The rebbe nodded in agreement. “We’ve been doing outreach programs in Boston since 1950. Singing, dancing—you’d think such things are old-fashioned, foreign to American students. But it’s surprising—a lot of assimilated students respond to it very strongly. I think Americans may be missing certain things in life, certain spiritual things. We respect them, even if they’re not religious. We try to understand them, and to remember that it isn’t their fault. They haven’t had a chance to learn.

“But the problem is, what will keep them ‘yidden’ in the future? Most of the liberal Jews who come to Harvard or MIT don’t have any Yiddishkeit and they don’t want any. The ones who want it will find it, but the majority will marry goyim. It’s happening now. And their children won’t be Jews. We real Jews, with everything we’ve got, can’t hold on to our Judaism here in America; what chance does the child of a mixed marriage have?” He spoke in a matter-of-fact tone, but there was real pain in his eyes.

There was a knock on the door and the rebbe’s secretary came in to remind him that his next appointment was waiting. I looked at my watch and was amazed to see that we had been talking for almost two hours.

“I’d like to tell you something personal,” I said. “I’m not religious, and I have a pretty cynical view of what Orthodoxy is in Israel. But talking to you makes me almost wish that I had a rebbe.”

Horowitz smiled gently. “Don’t be so surprised. Everyone needs a rebbe sometimes.”

“Who’s your rebbe?” I asked, and for the first time in our conversation I had caught him off guard.

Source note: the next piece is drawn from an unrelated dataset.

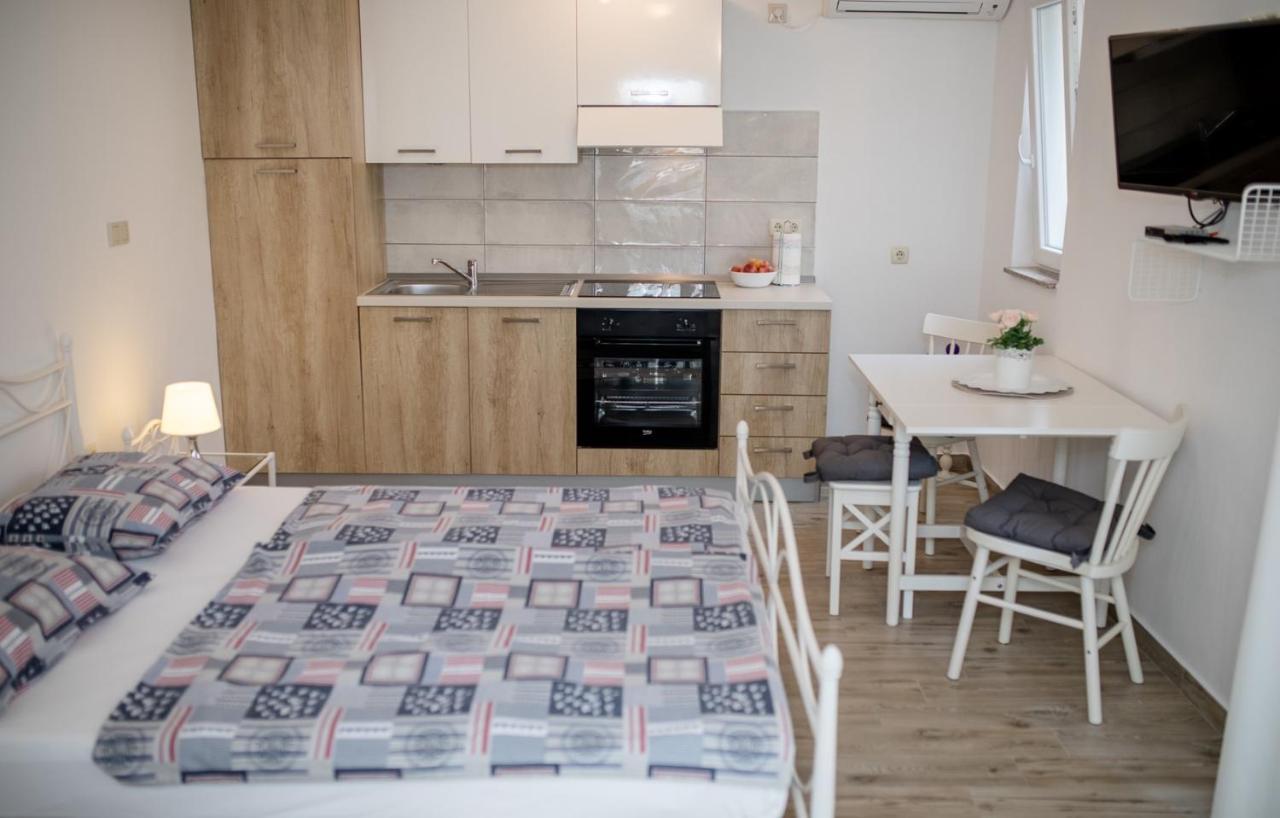 Apartments Makaus Supetarska Draga Exteriér fotografie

“Good question,” he said in a soft voice. “You know once, in Jerusalem, a man had a problem, and he decided to travel to Poland to consult with a famous rebbe. His friend said, ‘Why leave Jerusalem? After all, here you have the Kotel, the Wailing Wall.’ And the man said, ‘I’m going to Poland because I want a rebbe who can answer back when I talk to him.’

“You see, my father’s example is always before me. I try to imagine what he would do,” the Bostoner said in a wistful tone. “But I don’t have a rebbe who can answer back.” Suddenly his eyes cleared, and his voice resumed its matter-of-fact tone. “Nu, that’s just the way it is. There are occupational hazards in every profession. Even mine.”